Best Practices Advanced

This lesson consolidates production-ready guidelines for implementing prompt caching effectively. Follow these practices to maximize cache hit rates, minimize costs, and avoid common pitfalls.

Prompt Ordering Rules

The Caching Order Principle:
  1. Static content first (system prompt, tool definitions)
  2. Semi-static content next (retrieved documents, examples)
  3. Dynamic content last (conversation history, user message)
Any change to the prefix invalidates everything after it. Stable content must come before variable content.

Cache TTL Management

  • Keep caches alive: For Anthropic, each cache hit refreshes the 5-minute TTL. Design your system to send requests frequently enough to keep important caches warm.
  • Warm caches on startup: Send a lightweight request to create cache entries before real user traffic arrives.
  • Monitor expiry patterns: Track when cache misses spike to identify TTL-related issues.

Production Checklist

Category Action Item Priority
Architecture Structure prompts with static content first Critical
Architecture Version-control system prompts to prevent accidental changes High
Monitoring Track cache hit rate, tokens saved, and cost savings High
Monitoring Alert when cache hit rate drops below threshold Medium
Cost Calculate expected vs actual savings weekly High
Reliability Implement cache warming on application startup Medium
Testing Verify cache behavior in staging before production High

Common Mistakes

Timestamps in Prompts

Including "Current date: March 15, 2026" in your system prompt changes it every day, invalidating the cache.
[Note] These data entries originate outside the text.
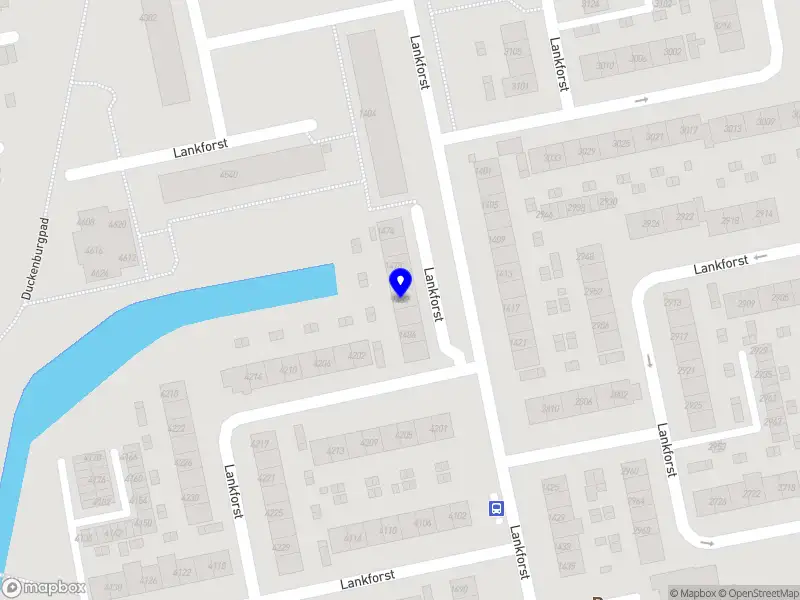 Barima Sport en Welzijn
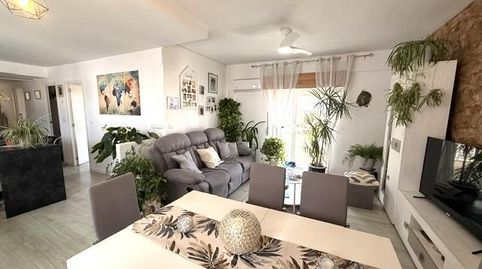 Foto 4 de Apartament en venda a Palmera, Valencia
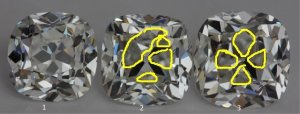 Pricescope%203%20Stones_3.jpg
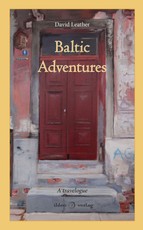 Baltic Adventures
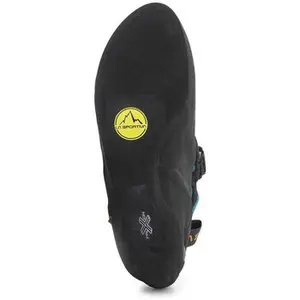 La Sportiva ge Sneakers  La Tarantula blauw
Move dynamic data to the user message.

Randomized Examples

Shuffling few-shot examples changes the prefix each time. Use a fixed order for examples, or place them after a cache breakpoint.

Below Minimum Threshold

If your cacheable content is below 1,024 tokens, caching will not activate. Combine short prompts or add relevant static context to meet the threshold.

Ignoring Cache Metrics

Not monitoring cache_read_input_tokens means you have no visibility into whether caching is actually working. Always log and track these values.

Debugging Cache Misses

Debugging Checklist
# If cache_read_input_tokens is 0:

1. Check: Is cacheable content above minimum threshold?
   - Claude Sonnet/Haiku: 1,024 tokens
   - Claude Opus: 2,048 tokens

2. Check: Has the prompt prefix changed since last request?
   - Compare exact bytes of system prompt
   - Look for whitespace changes, encoding differences

3. Check: Has the cache expired?
   - TTL is 5 minutes for Anthropic
   - Ensure requests are frequent enough

4. Check: Are you using the same model?
   - Cache entries are model-specific

5. Check: Did you include cache_control? (Anthropic only)
   - Verify cache_control is on the right content block
Final Tip: Start simple. Add caching to your system prompt first, measure the savings, then expand to tool definitions and conversation history. Incremental adoption lets you validate savings at each step.